The development of a nebulizer solution or suspension formulation is contingent on the same core preformulation data as would be required to support the development of any formulation. Physicochemical parameters such as pKa, log P, isoelectric pH (proteins and peptides), and solubility (vs. pH, ionic strength, buffer, and cosolvent level) are all important. Tonicity and solution pH, though typically regarded as formulation issues, must be investigated during preformulation to ensure selection of an appropriate salt form for development. For example, acidic (pH < 2) hypertonic and hypotonic aerosols have been demonstrated to induce bronchoconstriction in asthmatic subjects [6]. A hydrochloride or sulfate salt of a weakly basic drug that forms a strongly acidic solution, therefore, may not represent the optimum choice if the tonicity of the formulation is compromised as a result of pH adjustment using buffers.

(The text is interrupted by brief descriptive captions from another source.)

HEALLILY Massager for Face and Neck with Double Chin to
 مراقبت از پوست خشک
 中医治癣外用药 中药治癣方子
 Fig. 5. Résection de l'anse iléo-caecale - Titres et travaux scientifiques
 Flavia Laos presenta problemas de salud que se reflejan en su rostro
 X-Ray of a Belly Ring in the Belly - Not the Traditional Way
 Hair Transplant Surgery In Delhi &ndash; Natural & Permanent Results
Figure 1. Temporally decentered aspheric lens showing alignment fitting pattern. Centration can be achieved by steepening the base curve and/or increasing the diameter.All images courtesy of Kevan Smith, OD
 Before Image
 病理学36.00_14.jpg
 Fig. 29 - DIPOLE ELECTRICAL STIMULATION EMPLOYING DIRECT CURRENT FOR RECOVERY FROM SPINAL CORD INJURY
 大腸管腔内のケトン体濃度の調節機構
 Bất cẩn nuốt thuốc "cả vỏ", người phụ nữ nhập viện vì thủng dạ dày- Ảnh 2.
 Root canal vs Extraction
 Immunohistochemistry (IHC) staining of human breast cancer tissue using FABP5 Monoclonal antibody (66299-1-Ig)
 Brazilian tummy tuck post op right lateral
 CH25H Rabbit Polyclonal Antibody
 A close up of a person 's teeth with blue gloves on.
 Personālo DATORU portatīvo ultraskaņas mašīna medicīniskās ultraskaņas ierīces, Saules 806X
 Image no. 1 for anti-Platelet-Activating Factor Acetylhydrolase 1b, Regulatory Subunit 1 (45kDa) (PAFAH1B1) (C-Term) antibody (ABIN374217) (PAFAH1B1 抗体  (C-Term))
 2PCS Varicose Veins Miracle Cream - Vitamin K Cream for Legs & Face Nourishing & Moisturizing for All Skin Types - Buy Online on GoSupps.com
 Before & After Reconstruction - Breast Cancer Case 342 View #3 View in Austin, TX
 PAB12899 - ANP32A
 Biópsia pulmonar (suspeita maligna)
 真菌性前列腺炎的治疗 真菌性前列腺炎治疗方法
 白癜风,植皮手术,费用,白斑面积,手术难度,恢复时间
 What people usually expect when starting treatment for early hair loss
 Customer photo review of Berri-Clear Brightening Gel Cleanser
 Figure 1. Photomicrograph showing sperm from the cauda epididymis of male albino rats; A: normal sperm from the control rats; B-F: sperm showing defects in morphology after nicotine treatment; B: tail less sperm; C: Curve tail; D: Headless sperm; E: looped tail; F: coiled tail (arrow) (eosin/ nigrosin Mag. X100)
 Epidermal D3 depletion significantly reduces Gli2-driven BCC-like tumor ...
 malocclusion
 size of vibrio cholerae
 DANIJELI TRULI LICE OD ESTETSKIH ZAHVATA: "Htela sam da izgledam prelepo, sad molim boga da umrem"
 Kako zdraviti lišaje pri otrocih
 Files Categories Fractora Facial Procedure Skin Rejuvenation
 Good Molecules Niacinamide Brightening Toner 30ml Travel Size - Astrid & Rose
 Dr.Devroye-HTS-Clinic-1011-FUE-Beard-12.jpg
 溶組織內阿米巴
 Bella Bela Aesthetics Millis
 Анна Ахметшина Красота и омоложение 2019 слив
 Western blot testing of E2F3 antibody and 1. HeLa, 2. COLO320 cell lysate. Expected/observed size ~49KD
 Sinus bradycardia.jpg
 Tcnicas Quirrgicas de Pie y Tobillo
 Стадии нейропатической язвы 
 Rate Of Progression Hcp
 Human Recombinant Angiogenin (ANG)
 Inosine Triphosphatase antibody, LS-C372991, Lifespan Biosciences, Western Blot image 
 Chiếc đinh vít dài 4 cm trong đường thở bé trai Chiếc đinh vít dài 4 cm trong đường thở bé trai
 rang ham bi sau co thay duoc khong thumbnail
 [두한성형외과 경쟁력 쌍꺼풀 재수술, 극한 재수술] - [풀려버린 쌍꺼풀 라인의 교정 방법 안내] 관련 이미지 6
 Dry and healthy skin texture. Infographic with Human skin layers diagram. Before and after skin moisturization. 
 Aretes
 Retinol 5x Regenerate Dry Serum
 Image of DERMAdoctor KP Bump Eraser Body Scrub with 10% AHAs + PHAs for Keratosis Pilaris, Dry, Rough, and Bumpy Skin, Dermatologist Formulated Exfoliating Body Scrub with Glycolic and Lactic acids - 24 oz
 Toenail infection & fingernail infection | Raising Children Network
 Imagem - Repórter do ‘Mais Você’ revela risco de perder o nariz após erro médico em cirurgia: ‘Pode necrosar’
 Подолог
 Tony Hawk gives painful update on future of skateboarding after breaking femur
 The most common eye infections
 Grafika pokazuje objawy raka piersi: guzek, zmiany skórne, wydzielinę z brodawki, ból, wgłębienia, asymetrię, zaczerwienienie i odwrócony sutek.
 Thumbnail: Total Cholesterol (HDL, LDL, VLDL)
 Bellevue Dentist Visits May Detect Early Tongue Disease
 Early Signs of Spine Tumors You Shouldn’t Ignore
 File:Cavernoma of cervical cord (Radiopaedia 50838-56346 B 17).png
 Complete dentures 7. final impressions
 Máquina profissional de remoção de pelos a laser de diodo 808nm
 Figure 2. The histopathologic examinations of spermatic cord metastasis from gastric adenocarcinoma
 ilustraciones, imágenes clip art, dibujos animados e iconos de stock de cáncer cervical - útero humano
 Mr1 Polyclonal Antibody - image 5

It is important to profile the solution stability of the drug candidate as early as possible to identify the pH of optimum stability. The influence of light, oxygen, and trace metals on compound degradation also needs to be considered to assess the requirement for antioxidants (sodium metabisulfite, ascorbic acid, etc.) or chelating agents (EDTA, citric acid, etc.). Inclusion of such agents, though required to improve the chemical stability, must be weighed against the potential for adverse effects on the lung. Drug stability in solution should be monitored using a stability-indicating assay, following stress storage as a function of elevated temperature. In addition, conditions that promote hydrolysis (pH extremes), photolysis (ultraviolet and visible light), oxidation (O2, O2/light), and trace metal ion catalysis (FeT , FeT , CuT , CoT , etc.) all merit consideration [3]. Temperature cycling is also useful as a means of assessing potential problems relating to complexation or hydrate formation as manifested by precipitation or crystal growth.

As a guide to formulation development, studies should be undertaken to evaluate the contribution of candidate excipients, including preservatives, antioxidants, chelating agents, cosolvents, and buffers on compound stability and solubility. This is particularly important in the development of suspensions for nebulization. Compatibility with packaging components also needs to be considered as a matter of priority. Peptides and proteins in particular are notorious in their ability to adsorb onto a variety of surfaces, particularly plastic.